‘The Muslim Pilgrimage’
Fri, January 31, 2014 • 2:45 PM - 4:30 PM • Tom Lea Rooms, Harry Ransom Humanities Research Center 3.206
Benjamin Brower (Cornell)
Of the five pillars of Islam, the annual pilgrimage to Mecca (Hajj) most directly involved the political field, whether in British, French or other colonial regimes. For purposes of comparison, this talk will examine the Hajj during Algeria’s colonial era (1830-1962). France tried to assert authority over territory and people by controlling the pilgrimages. The political dividends of piety came with risks, however, and this talk also addresses how the Hajj served Algerians to attack European rule.
The Hajj has a comparative dimension to it that perhaps can serve as the basis for general discussion after the talk. To cite a famous example from Conrad’s Lord Jim:
Eight hundred men and women with faith and hopes, with affections and memories, they had collected there [on the Patna], coming from north and south and from the outskirts of the East, after treading the jungle paths, descending the rivers, coasting in praus [Malaysian sailboats] along the shallows, crossing in small canoes from island to island, passing through suffering, meeting strange sights, beset by strange fears, upheld by one desire…the call of an idea.
In an American context, Malcolm X once said of the Hajj: ‘America needs to understand Islam because this is the one religion that erases from its society the race problem.’

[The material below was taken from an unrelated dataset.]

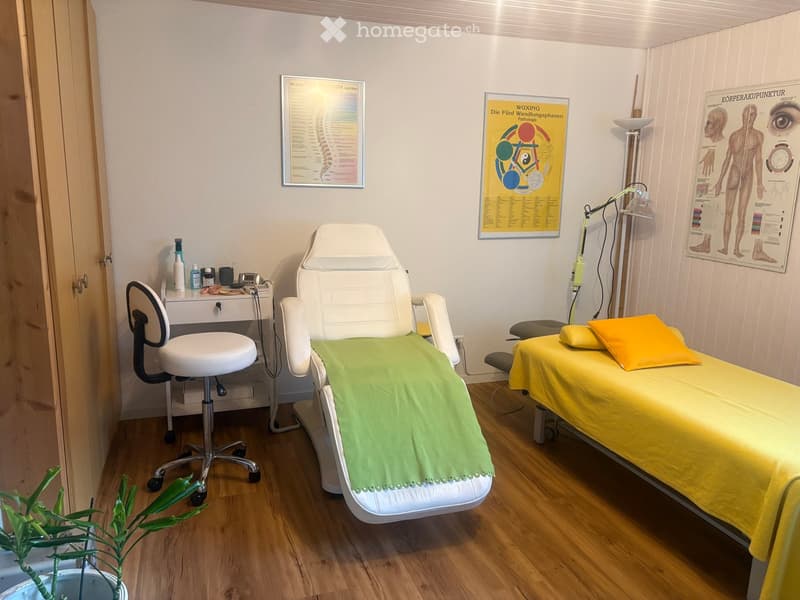 A well-lit room with wooden flooring, two treatment tables covered in green and yellow sheets, a white chair, a small table with various items, and posters on the walls.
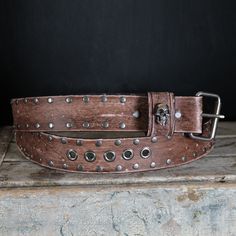 Skull leather belt, studded.  . Our Aging / Relic process is carefully made by Hand, from the leather to the Hardware, giving this unique Strap Authenticity and the Style we love like it  already lived for decades.  Features: Designed with Chicago screws that allows you to easily remove and replace the Buckle.  .Leather: 7-8oz (4-5 mm thick) premium vegetable tan leather, great thickness for durability and comfort that will age beautifully with time.      .Width : 2 inches wide. .Color: Aged light Brown . hand dyed with a rich Finish  .Hardware and studs: Antique Nickel. .Size:     -PLEASE CHOOSE YOUR SIZE VERY CAREFULLY -- .Our recommendation and most accurate way to Choose your size as shown in the Picture.  Our mission is for you to pick the correct size and enjoy your new belt.  Please Adjustable Leather Belt Buckles With Rivets, Rugged Leather Belt Buckle In Distressed Brown, Vintage Leather Belt Buckles With Rivets, Comfortable Fall Outfits, Vintage Distressed Brown Leather Belt, Vintage Brown Belts With Rivets, Adjustable Brown Belt With Rivets, Rustic Brown Hand-tooled Belt, Vintage Brown Hand-tooled Belt Buckle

Ben Brower received his Ph.D. from Cornell University and teaches in the History Department at UT. His first book, A Desert Named Peace: French Empire and Violence in the Algerian Sahara, 1840-1900, received the Pinkney Prize for the best book in French history, and the Hourani Award for the best book in Middle East studies. His current research examines colonial violence and the Muslim pilgrimage under colonial rule.